Why is anti-Semitism on the rise?                                                   

What is anti-Semitism?  It is hostility, prejudice, or discrimination against Jews per se. A person who holds such an attitude towards Jews is called an anti-semite. Anti-Semitism is generally considered to be a form of racism. It appears to have stemmed from the time when Jesus Christ was crucified. Many Christians are prone to blaming the Jews for Jesus’ crucifixion. It was the Romans who crucified Jesus albeit at the prompting of the Hebrew religious leaders in Jerusalem. The most known of the religious leaders were the Pharisees. They were a religious political party. The word “Pharisee” literally means “Separatist.” It was the name given to them by their opponents because of their “holier than thou” haughty attitude towards others. Their supreme aim was to strictly follow both the current written and oral laws. 

 Pontius Pilate was the fifth prefect of the Roman province of Judaea from AD 26–36. He served under Emperor Tiberius, and is best known today for the trial and crucifixion of Jesus. He actually didn`t find fault against Jesus but when the Pharisees threatened Pontius Pilate that they would tell Tiberius that he approved of Jesus being the real leader of the world, Pontius Pilate gave his approval that Jesus was to be crucified.

Since the crucifixion of Jesus, Jews have been blamed for his death and as such, they have been tormented ever since. They have learned to bear the pain but what really annoys them is the itch of anti-Semitism that constantly plagues them—an itch that no matter how much scratching they do, it never seems go away.   

It is ironic when you think about it. Adolf Hitler was truly one of the worst human monsters who ever lived in history. He slaughtered millions of innocent persons of many races and creeds and all for the promotion of his concept of the Aryan race. We correctly blamed the German leaders after the Second world War for their atrocities they committed, and yet, nowadays, we think of the children of those Germans as decent enterprising human beings—and rightly so.  

Why then has anti-Semitism been so pervasive in so many countries, in so many time periods and for so many reasons?

Between the years 250 BC and 1948 AD - a period of 1,700 years—Jews have experienced more than eighty expulsions from various countries in Europe which come to an average of nearly one expulsion every twenty-one years. Jews were expelled from England, France, Austria, Germany, Lithuania, Spain, Portugal, Bohemia, Moravia and seventy-one other countries. Even just before the Second World War began, Jews fleeing Hitler’s Germany were turned away from Canada and the United States. To Canada`s shame, between the years 1930 and 1939, Canada rejected almost all Jewish refugees from Nazi Europe, taking in only 4,000 of the 800,000 Jews looking for refuge. They had to return to Germany where a great many of them were later gassed in the German gas chambers.

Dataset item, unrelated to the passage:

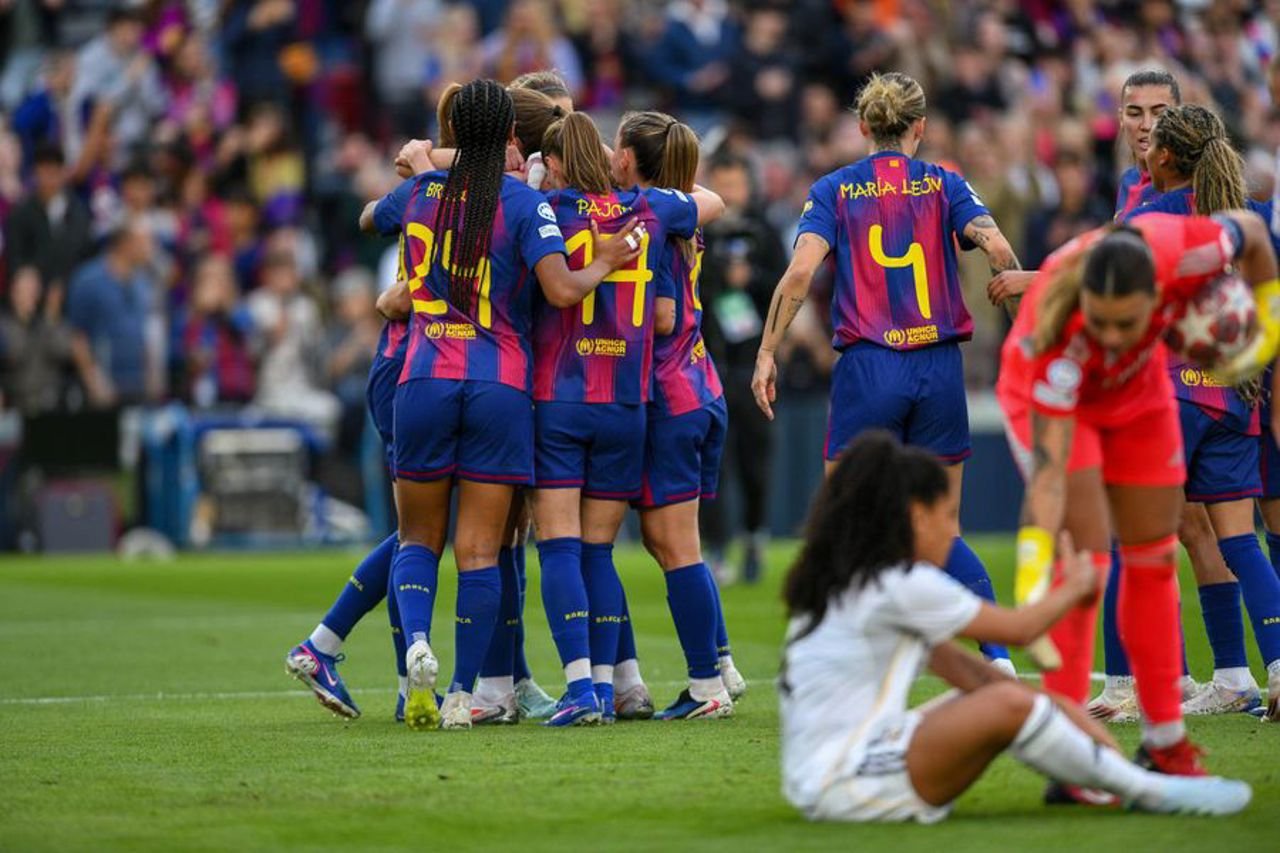 FC Barcelona domină cu 12-2 Real Madrid în sferturile Ligii Campionilor feminine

I remember one day in 1953 when I wanted to spend a night in a large hotel in Canada, The clerk at the front desk asked me the following question. “Are you a follower of the Jewish faith?” If I told him that I was (which I wasn’t) he would not have rented ne a room.  

Historians have classified six explanations as to why some people hate the Jews:
1.     Economic—"We hate Jews because they possess too much wealth and power."
2.    Chosen People—"We hate Jews because they arrogantly claim that they are the chosen people."
3.    Scapegoat—"Jews are a convenient group to single out and blame for our troubles."
4.    Blame—"We hate Jews because they killed Jesus."
5.    Outsiders—“We hate Jews because they are different than us." (The dislike of the unlike.)
6.    Racial Theory—"We hate Jews because they are an inferior race."

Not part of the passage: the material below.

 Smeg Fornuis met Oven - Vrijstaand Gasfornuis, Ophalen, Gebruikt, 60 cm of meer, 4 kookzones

However in my opinion, Jews should not brag that they are the chosen race. That is because no race is the chosen race.   

 Are these exclamations listed above justification for anti-Semitism or excuses for anti-Semitism? If we look more carefully into these so-called explanations, there is no justification at all for these exclamations and that being as it is, then anti-Semitism should no longer exist. If we can accept a contradiction to the explanations, it will demonstrate that the explanations are not valid reasons, they are just a weak excuse to be anti-Semitic. Let's look at some contradictions in the excuses for these explanations.

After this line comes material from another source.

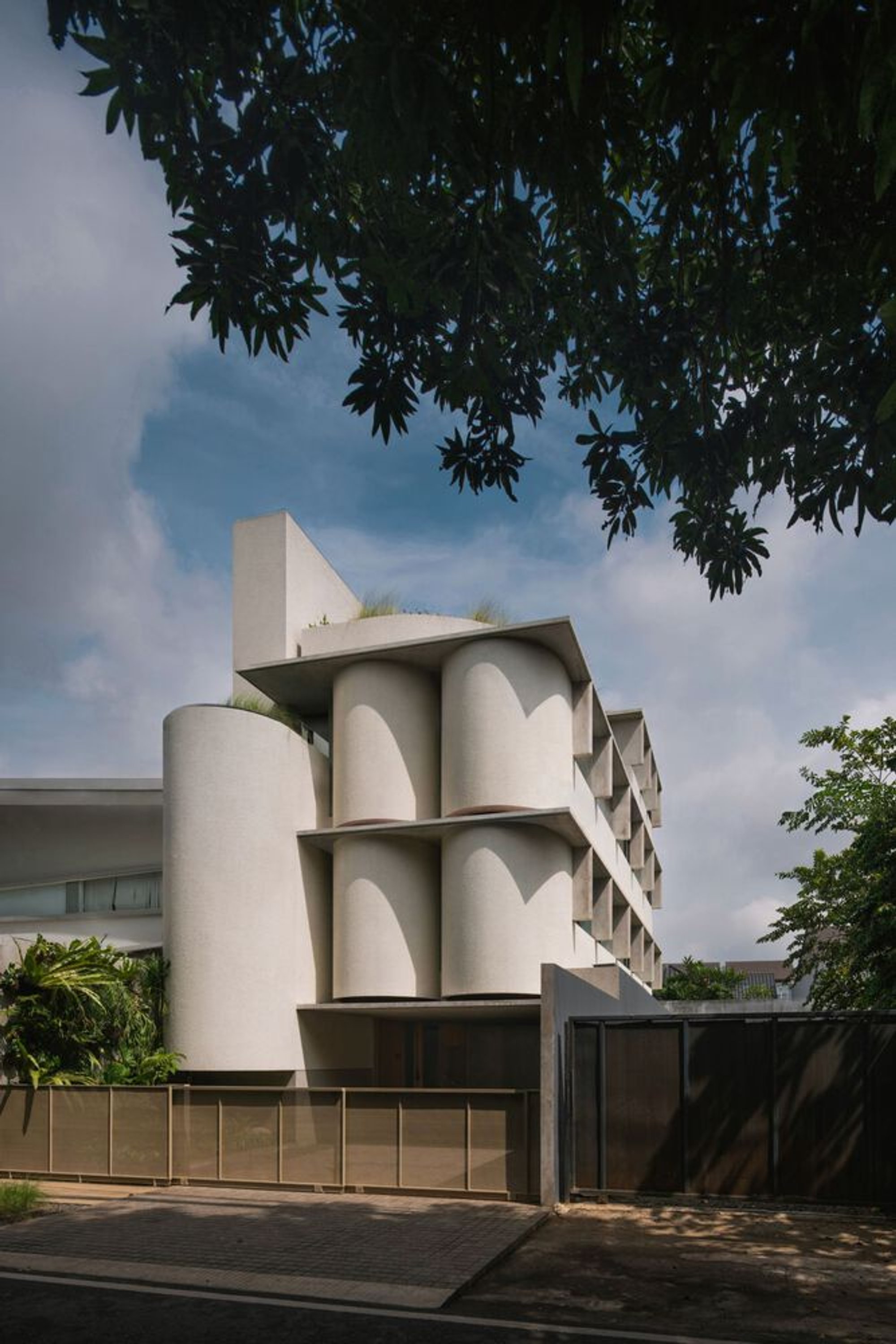 ABC Flats by Isso Architects: Innovative Co-Housing in South Jakarta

1. Economic—The Jews of 17th- 20th century Poland and Russia were dirt poor, had no influence and yet they were hated. 

2. Chosen People—In the late 19th century, the Jews of Germany denied "Choseness." And then they worked on assimilation. Yet, the holocaust started there. Actually, many Christians and Moslems profess to being the "Chosen people," yet, the world and the anti-Semites tolerate them. 

2. Scapegoat—Any group must already be hated to be an effective scapegoat. The Scapegoat Theory does not then cause anti-Semitism. Rather, anti-Semitism is what makes the Jews a convenient scapegoat target. Hitler's ranting and ravings would not be taken seriously if he said, "It's the bicycle riders and the midgets who are destroying our society." He chose the Jews because many people in Germany hated the Jews.

4. Blame—the Christian Bible says the Romans killed Jesus, though Jews are mentioned as accomplices (claims that Jews killed Jesus came several hundred years later). How come the accomplices are persecuted and there isn't an anti-Roman movement through history? b) Jesus himself said, "Forgive them [i.e., the Jews], for they know not what they do." The Second Vatican Council in 1963 officially exonerated the Jews as the killers of Jesus. Neither statement of Christian belief lessened anti-Semitism.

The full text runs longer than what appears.